Once you find the line containing "https://t.co/doLFnCxLXz", set down exactly that line and every one after it through the end of the listing below, with both ends included and any pictures omitted.

Start of Block

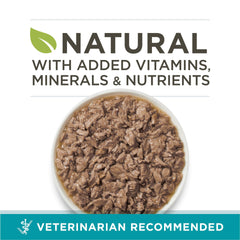 Purina ONE Turkey Recipe wet cat food can shows real turkey for protein.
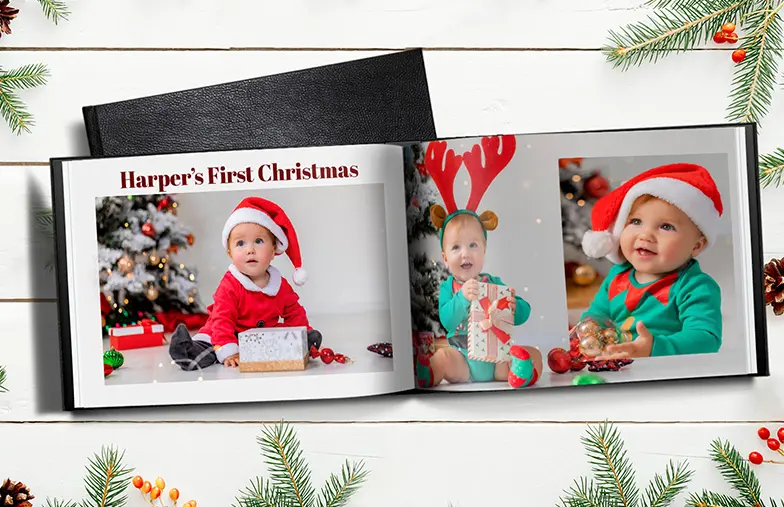 Libros de fotos personalizados de tapa dura de Printerpix|Libro de fotos|Álbum de fotos personalizado con imágenes románticas de una pareja y portada de fotos|Álbum de fotos familiar con portada impresa personalizada y nombre de la familia|Mascota y mujer mirando álbum de fotos familiar personalizado con diseño exclusivo|Dos personas mirando libro de fotos personalizado de Printerpix con fotos de boda y novia|||||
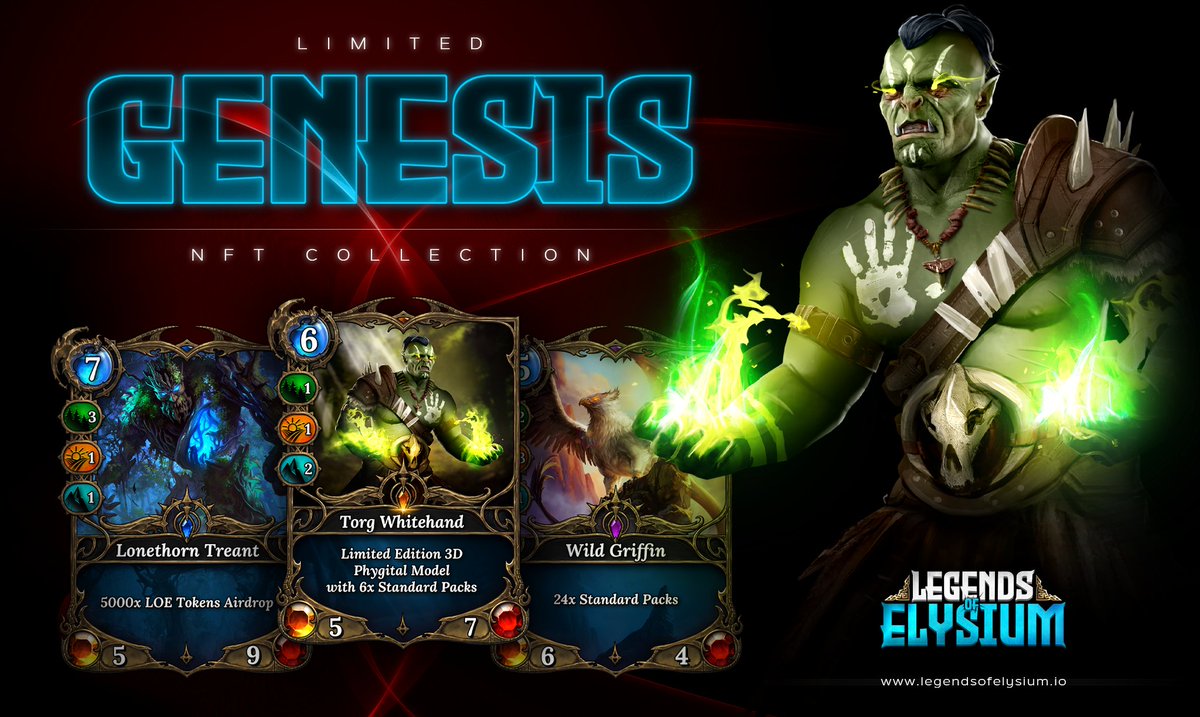 LegendsElysium's tweet photo. NFT Sale of Limited GENESIS Collection is getting closer!🔥

➡️WHERE:
https://t.co/vQGGIyovnl

➡️WHEN:
- Whitelisted user - get yourself ready for 16/5/2023
- Open round FCFS for all users - 17/05/2023

➡️HOW TO GET WHITELISTED:
https://t.co/doLFnCxLXz

✨It is the FIRST COLLECTION of limited cards that will be available ONLY during the Genesis Sale 🔥

$LOE ⁠#nftsale #ino ⁠#nftCollection ⁠#nftwhitelist
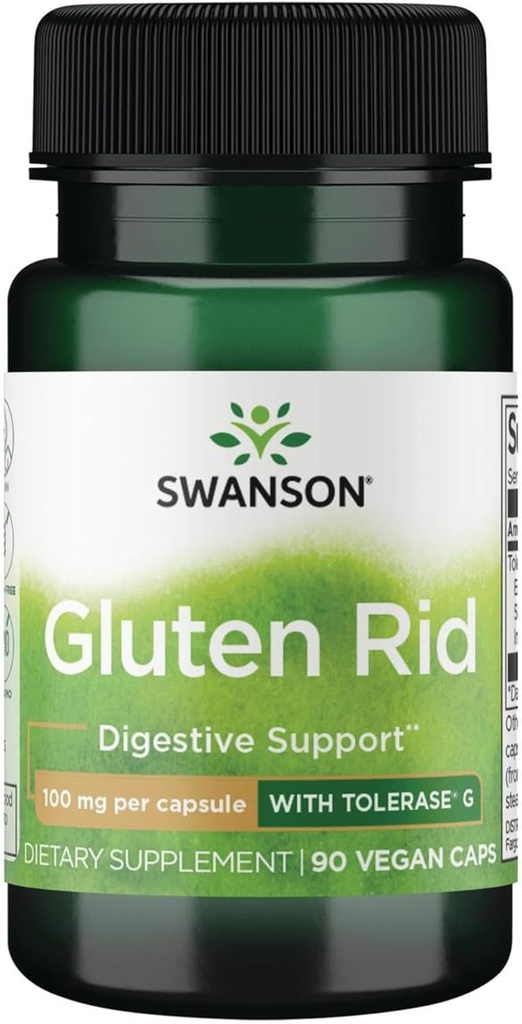 Swanson Gluten Rid s tolerazo G 100 Milligrams 90 Veg kapsule Enzyme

End of Block

§ RESPONSE BOX
https://t.co/doLFnCxLXz

✨It is the FIRST COLLECTION of limited cards that will be available ONLY during the Genesis Sale 🔥

$LOE ⁠#nftsale #ino ⁠#nftCollection ⁠#nftwhitelist
 Swanson Gluten Rid s tolerazo G 100 Milligrams 90 Veg kapsule Enzyme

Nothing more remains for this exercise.